## DATA EXTRACT
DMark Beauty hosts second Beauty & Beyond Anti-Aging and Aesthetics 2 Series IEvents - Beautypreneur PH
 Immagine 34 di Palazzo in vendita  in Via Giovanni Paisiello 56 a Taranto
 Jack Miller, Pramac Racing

## YOUR TASK
All of the data above should be reproduced exactly, with nothing left out.

## ANSWER BELOW
DMark Beauty hosts second Beauty & Beyond Anti-Aging and Aesthetics 2 Series IEvents - Beautypreneur PH
 Immagine 34 di Palazzo in vendita  in Via Giovanni Paisiello 56 a Taranto
 Jack Miller, Pramac Racing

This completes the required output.